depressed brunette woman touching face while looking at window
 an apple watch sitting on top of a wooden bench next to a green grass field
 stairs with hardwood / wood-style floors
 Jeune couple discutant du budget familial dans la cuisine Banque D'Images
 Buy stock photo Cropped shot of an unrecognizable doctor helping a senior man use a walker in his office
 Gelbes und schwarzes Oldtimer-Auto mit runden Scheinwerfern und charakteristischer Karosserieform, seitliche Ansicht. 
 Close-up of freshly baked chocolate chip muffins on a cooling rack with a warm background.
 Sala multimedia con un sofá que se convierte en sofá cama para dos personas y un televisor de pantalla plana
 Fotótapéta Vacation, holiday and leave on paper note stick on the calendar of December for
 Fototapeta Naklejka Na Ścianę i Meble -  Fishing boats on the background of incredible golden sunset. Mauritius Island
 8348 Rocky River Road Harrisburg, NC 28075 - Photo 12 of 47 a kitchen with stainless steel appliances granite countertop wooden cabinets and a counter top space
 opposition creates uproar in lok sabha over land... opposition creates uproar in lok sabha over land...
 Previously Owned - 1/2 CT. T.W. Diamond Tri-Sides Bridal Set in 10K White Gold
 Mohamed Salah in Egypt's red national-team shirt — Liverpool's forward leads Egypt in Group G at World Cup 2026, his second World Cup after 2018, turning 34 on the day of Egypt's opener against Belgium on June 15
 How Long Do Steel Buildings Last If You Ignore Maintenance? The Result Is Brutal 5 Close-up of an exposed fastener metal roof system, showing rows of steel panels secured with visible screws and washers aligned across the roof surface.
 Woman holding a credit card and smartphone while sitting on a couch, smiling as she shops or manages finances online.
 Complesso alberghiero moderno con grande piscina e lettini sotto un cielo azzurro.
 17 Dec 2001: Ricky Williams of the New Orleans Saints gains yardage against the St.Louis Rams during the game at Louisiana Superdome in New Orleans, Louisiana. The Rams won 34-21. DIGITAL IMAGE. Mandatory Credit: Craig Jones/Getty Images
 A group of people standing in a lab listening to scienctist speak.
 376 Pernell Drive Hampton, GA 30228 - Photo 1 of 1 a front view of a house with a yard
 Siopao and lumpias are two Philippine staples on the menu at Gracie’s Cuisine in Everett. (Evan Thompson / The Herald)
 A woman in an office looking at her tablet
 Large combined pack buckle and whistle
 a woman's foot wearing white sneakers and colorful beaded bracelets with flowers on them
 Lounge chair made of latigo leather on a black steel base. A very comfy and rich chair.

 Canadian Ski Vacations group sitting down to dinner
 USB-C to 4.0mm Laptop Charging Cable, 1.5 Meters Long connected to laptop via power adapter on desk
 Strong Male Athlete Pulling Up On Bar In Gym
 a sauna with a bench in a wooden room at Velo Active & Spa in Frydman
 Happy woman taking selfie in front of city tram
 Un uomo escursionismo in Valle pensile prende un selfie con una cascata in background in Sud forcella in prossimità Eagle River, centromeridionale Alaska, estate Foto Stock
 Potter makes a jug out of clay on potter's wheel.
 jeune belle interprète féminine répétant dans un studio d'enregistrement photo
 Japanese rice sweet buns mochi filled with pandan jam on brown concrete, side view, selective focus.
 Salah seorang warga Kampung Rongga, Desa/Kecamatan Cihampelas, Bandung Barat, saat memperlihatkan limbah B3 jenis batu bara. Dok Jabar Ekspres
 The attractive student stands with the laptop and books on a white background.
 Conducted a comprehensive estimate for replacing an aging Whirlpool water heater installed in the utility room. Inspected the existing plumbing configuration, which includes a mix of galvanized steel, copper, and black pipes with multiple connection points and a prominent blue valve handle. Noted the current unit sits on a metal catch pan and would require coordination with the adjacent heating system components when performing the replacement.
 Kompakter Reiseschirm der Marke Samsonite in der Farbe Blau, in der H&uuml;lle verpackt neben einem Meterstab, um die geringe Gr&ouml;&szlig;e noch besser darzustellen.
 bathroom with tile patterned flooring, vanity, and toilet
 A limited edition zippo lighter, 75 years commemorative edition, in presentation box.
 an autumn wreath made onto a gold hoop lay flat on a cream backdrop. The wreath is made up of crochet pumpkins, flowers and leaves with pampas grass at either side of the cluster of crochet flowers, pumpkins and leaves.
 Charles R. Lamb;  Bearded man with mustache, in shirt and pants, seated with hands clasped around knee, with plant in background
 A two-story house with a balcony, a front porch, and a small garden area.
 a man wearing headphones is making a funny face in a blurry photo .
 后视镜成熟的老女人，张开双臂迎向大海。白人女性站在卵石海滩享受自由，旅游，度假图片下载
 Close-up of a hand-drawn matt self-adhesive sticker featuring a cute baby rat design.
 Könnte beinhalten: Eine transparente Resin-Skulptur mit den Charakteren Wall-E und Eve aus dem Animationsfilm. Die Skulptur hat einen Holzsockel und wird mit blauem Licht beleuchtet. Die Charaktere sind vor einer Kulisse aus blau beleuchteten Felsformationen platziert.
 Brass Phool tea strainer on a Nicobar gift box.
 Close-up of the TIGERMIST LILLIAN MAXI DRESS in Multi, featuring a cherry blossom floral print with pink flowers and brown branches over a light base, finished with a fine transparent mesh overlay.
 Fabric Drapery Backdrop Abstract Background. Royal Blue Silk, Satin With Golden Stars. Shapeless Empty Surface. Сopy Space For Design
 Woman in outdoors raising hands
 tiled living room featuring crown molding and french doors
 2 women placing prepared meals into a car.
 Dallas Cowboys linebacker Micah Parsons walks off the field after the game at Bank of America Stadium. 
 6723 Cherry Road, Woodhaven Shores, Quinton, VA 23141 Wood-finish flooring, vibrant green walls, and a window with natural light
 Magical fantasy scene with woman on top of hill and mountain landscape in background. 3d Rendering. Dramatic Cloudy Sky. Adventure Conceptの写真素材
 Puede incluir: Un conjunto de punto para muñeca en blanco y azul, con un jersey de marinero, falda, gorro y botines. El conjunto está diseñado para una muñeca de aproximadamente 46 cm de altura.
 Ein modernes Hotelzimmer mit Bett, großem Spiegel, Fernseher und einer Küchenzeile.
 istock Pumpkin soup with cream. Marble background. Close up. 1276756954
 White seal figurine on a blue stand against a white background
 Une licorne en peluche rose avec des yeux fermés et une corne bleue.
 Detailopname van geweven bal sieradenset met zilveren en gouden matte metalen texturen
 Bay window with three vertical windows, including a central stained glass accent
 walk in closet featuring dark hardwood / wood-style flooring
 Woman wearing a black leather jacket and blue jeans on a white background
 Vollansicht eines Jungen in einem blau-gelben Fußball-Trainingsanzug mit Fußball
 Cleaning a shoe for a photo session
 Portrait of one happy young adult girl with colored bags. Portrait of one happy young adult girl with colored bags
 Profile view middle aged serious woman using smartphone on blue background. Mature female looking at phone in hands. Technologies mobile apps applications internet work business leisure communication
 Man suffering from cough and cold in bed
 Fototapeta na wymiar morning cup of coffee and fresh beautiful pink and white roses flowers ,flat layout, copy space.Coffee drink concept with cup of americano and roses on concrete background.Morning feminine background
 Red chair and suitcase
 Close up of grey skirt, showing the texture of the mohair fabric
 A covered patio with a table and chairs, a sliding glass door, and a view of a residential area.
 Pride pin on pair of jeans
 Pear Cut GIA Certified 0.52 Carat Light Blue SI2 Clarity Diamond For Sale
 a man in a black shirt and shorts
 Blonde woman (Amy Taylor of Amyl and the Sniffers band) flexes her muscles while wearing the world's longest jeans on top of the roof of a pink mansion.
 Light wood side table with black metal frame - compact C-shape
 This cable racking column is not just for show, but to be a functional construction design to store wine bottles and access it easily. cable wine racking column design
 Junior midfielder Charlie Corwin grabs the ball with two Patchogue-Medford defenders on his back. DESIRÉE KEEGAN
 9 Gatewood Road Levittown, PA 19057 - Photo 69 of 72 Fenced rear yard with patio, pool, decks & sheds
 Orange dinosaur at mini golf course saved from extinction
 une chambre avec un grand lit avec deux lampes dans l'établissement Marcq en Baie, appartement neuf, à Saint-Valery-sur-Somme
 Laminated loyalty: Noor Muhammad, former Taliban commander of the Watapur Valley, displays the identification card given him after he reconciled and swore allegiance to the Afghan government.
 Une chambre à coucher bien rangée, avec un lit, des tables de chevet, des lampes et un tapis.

PROBLEM TO SOLVE: Write out the lines of the records exactly, starting at the one holding "Blonde woman (Amy" and ending with the last line, and include no others.

ANSWER SPACE:
 Blonde woman (Amy Taylor of Amyl and the Sniffers band) flexes her muscles while wearing the world's longest jeans on top of the roof of a pink mansion.
 Light wood side table with black metal frame - compact C-shape
 This cable racking column is not just for show, but to be a functional construction design to store wine bottles and access it easily. cable wine racking column design
 Junior midfielder Charlie Corwin grabs the ball with two Patchogue-Medford defenders on his back. DESIRÉE KEEGAN
 9 Gatewood Road Levittown, PA 19057 - Photo 69 of 72 Fenced rear yard with patio, pool, decks & sheds
 Orange dinosaur at mini golf course saved from extinction
 une chambre avec un grand lit avec deux lampes dans l'établissement Marcq en Baie, appartement neuf, à Saint-Valery-sur-Somme
 Laminated loyalty: Noor Muhammad, former Taliban commander of the Watapur Valley, displays the identification card given him after he reconciled and swore allegiance to the Afghan government.
 Une chambre à coucher bien rangée, avec un lit, des tables de chevet, des lampes et un tapis.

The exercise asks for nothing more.